Problem requirements. In the material below, the lines between the one holding "600mm Hailo Cargo" and the one holding "Bolero Shrug", inclusive, are to be set down word for word. Pictures stay out.

Supplied records.
-=-=-=-=-
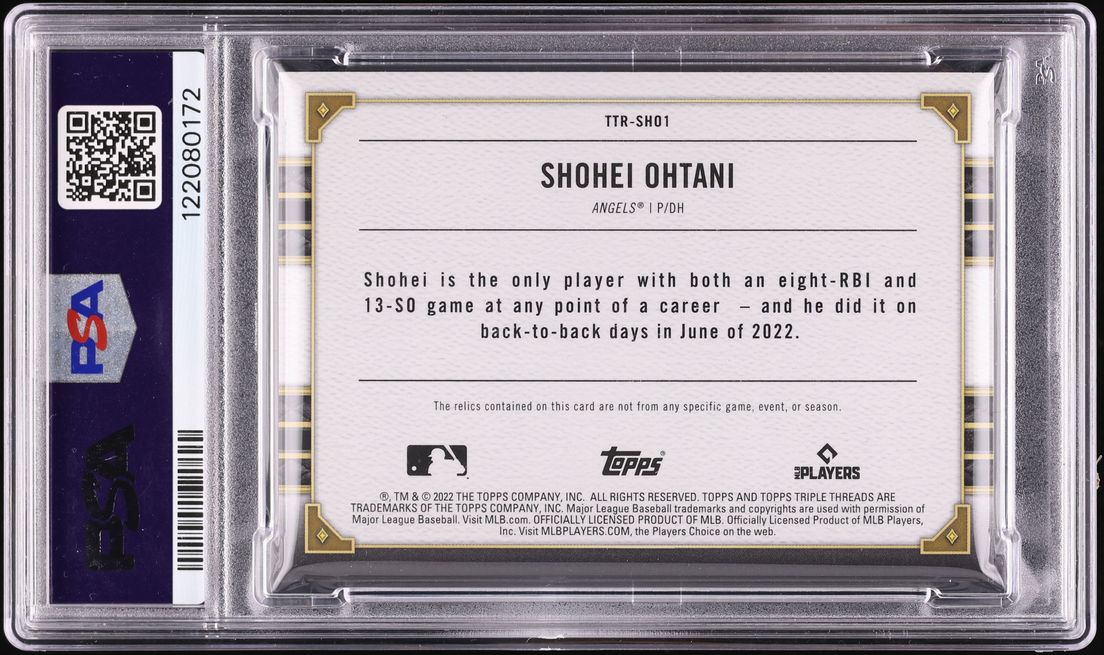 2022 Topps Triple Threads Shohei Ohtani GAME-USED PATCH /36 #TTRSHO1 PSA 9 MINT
-=-=-=-=-
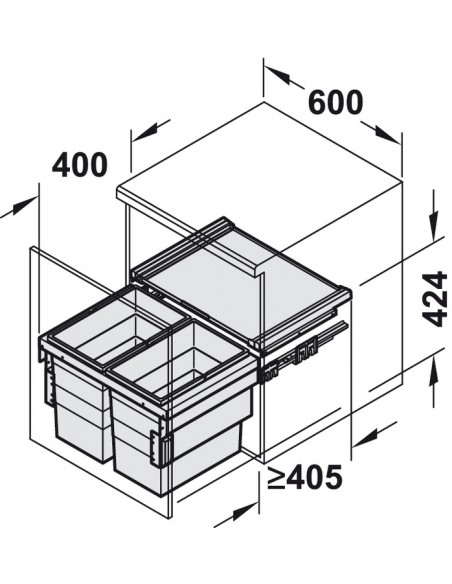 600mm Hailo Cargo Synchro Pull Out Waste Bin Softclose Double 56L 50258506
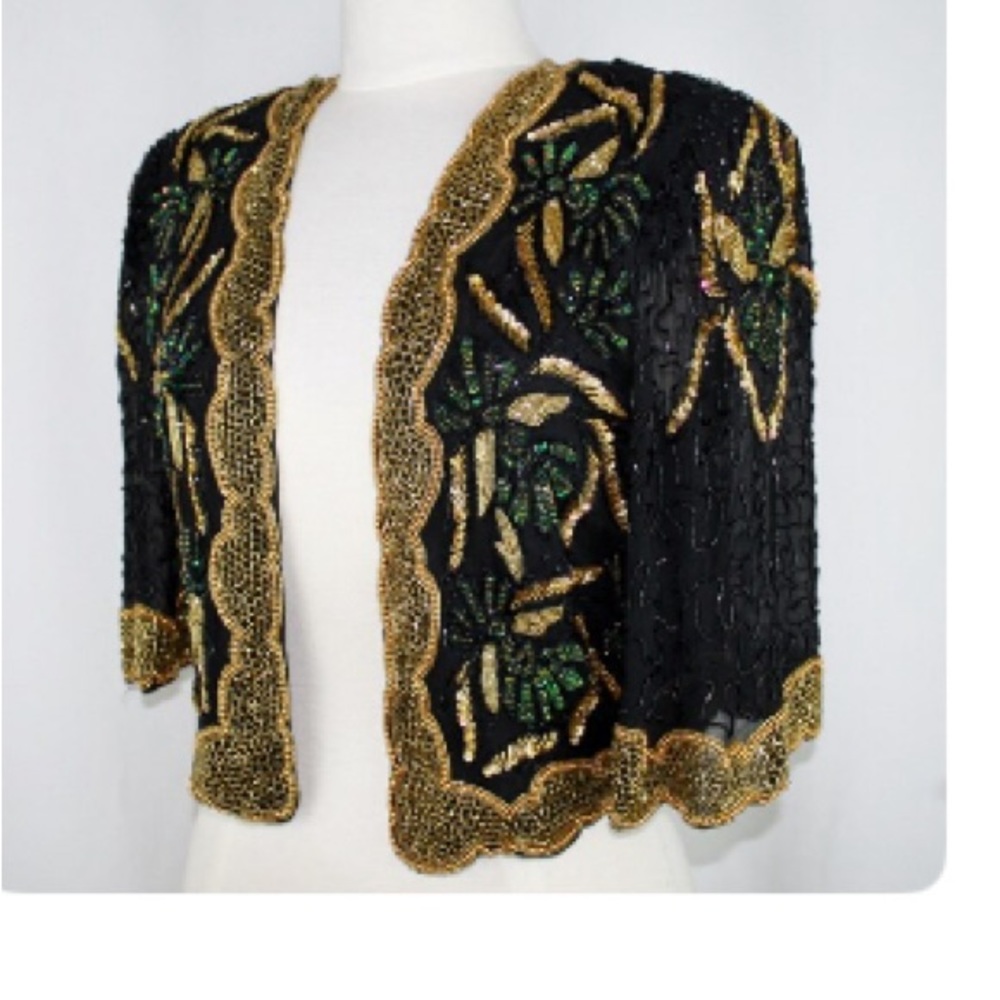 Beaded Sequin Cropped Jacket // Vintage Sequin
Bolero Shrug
-=-=-=-=-
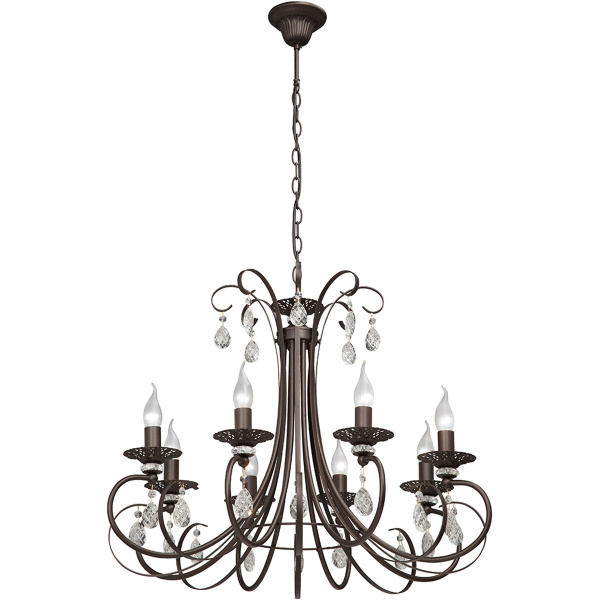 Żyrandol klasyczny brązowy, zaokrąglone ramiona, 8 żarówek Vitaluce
-=-=-=-=-
Solution to the problem.
 600mm Hailo Cargo Synchro Pull Out Waste Bin Softclose Double 56L 50258506
 Beaded Sequin Cropped Jacket // Vintage Sequin
Bolero Shrug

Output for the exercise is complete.